The telecoms analyst firm said money spent by consumers downloading to their mobiles will reach US$32bn, up from US$13.7bn in 2007.
Mobile music, which includes services from basic ringtones, realtones and ringback tones to more sophisticated full track downloads and streaming, has existed since 1998 when the first ringtones were commercialised.
Gartner said this would be driven by a strong personalisation trend that will encompass ringtones and ringback tones.
The use of ringtones and ringback tones is part of the trend to personalise mobile phones as a form of self expression, Gartner said.
However, the mobile phone can now be used to play music, in some situations replacing portable music players like the popular iPod for entertainment.
Stephanie Pittet, principal research analyst at Gartner, said that while mobile music was growing from a small base, it represented a good revenue opportunity for providers that “get it right”.
“Mobile carriers have a strategic advantage when it comes to delivering ringtones, as they already know the end user’s network settings, handset and personal preferences,” said Pittet.
“However, when it comes to the ‘entertainment’ side of mobile music like streaming and full track downloads, they risk losing share to other players which might include device vendors, record companies and other solution providers.”
More recently, Apple announced its entry into the device market with the iPhone.
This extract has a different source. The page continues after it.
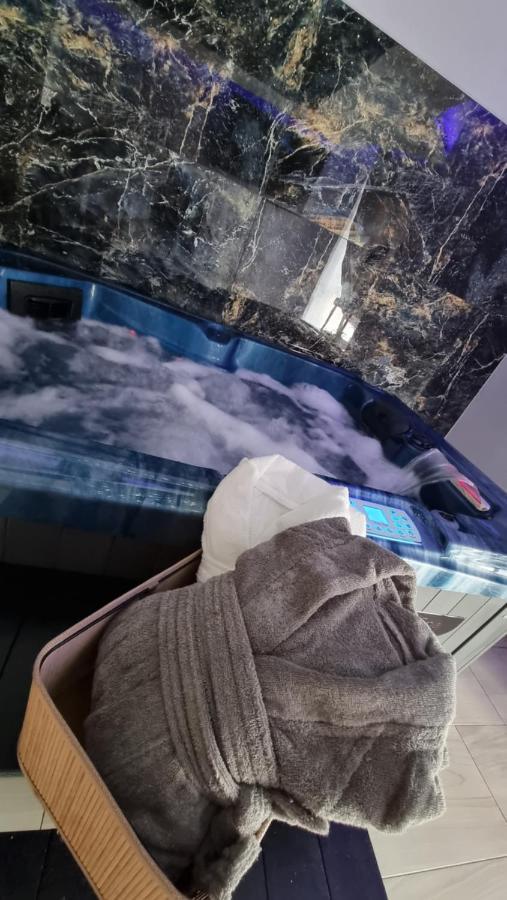 Royalspa D'amour Avec Jacuzzi Privatif Daire Strazburg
Mobile access to iTunes, along with other digital music shops such as Microsoft’s upcoming Zune offering (that will allow WLAN access to its music shop) will compete directly with mobile carriers’ portals.
However, Gartner identified a range of factors that are helping mobile carriers to secure a new revenue stream.
“The mobile phone has become the device that people carry everywhere, in all circumstances,” said Pittet. “Over-the-air downloads mean that people no longer have to be at a desk to plug in the device.
“Billing via a mobile phone is secure and easy and for operators it is easy to target customers with personalised content because one mobile phone SIM card is used by one person most of the time.”
Pittet continued: “Carriers must figure out how to develop the right content partnerships, pricing strategies, content partnerships, licensing deals, distribution channels and marketing.
“There are also a host of technical challenges to be addressed, such as digital rights management (DRM), storage capacity on the mobile device and network coverage,” she said.
In 2005, people in Asia-Pacific and Japan made up more than 41pc of the worldwide spending on mobile music and while that proportion will decrease slightly by 2010, the region is still forecast to be the biggest spender.
Western Europe is the second-largest region for mobile music, with total spending forecast to top US$9.1bn by 2010, while North America is forecast to reach US$7.1bn.